Managing Conflict: Usability vs Visual Branding - Auto Industry

For potential car buyers, a good web experience can raise the buyer's intent to test drive a car. Such is the finding in a J.D. Power & Associates survey, reported in the recent Globe and Mail article Web traffic leads to showroom: survey.

Some content-heavy luxury car sites (Mercedes-Benz and Lexus) were assessed by visitors to be slower. Compared to so-called budget brands Kia and Hyundai, these sites were found to deliver a relatively poor visitor experience, one below expectations for prestige brands. Here's what Rohan Lobo, manager of automotive syndicated research at J.D. Power's Toronto office was quoted as saying about the best and highest rated sites compared to the poorer sites...

The most highly rated sites had some common design elements, he said, such as easy access to the home page, the ability to readily browse all models, comprehensible menus, fast-loading pages and interactive 360-degree views of vehicles.

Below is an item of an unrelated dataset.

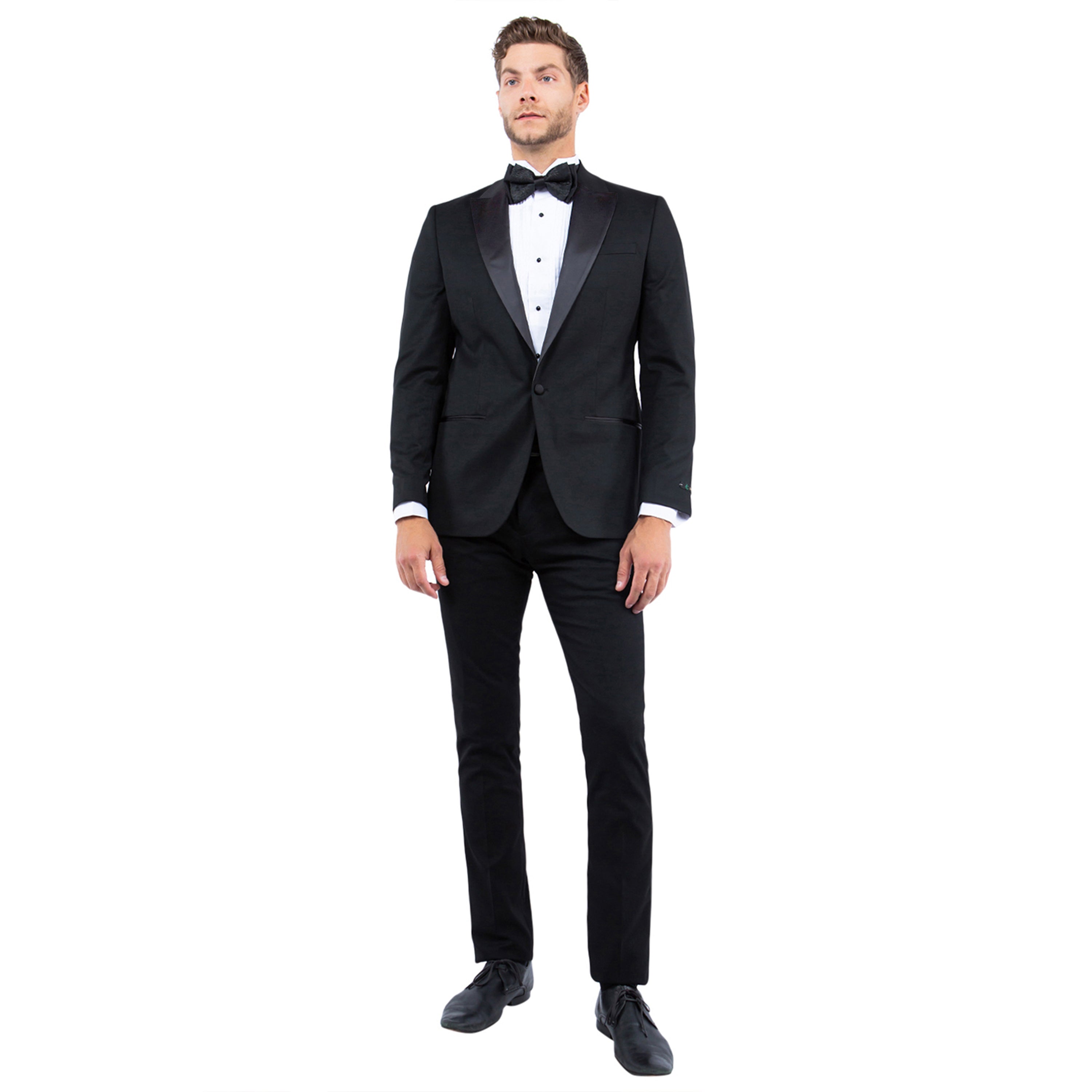 Men’s Tailored-Fit Tuxedo Jacket with Peak Lapel – Classic Sophistication for Formal Occasions | D&K Menswear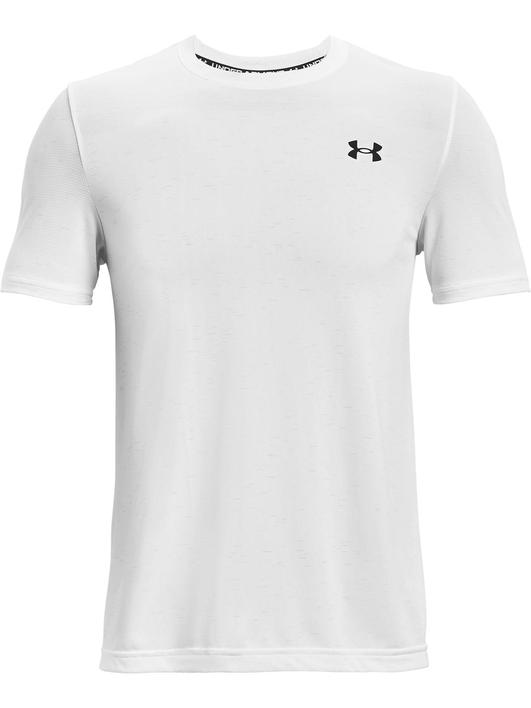 Beyaz Erkek UA Dikişsiz Kısa Kollu T-shirt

Poorer-performing web sites were too cluttered and busy, had small print, were too slow to load, carried too much information that required too much movement and refreshing images, had too many links and no continuous direct view of the model lineup.
These findings are not surprising at all. But I wouldn't be surprised if this report causes heated visual branding content versus usability discussions in some marketing groups! How can this conflict be resolved to the benefit of both customers and the business?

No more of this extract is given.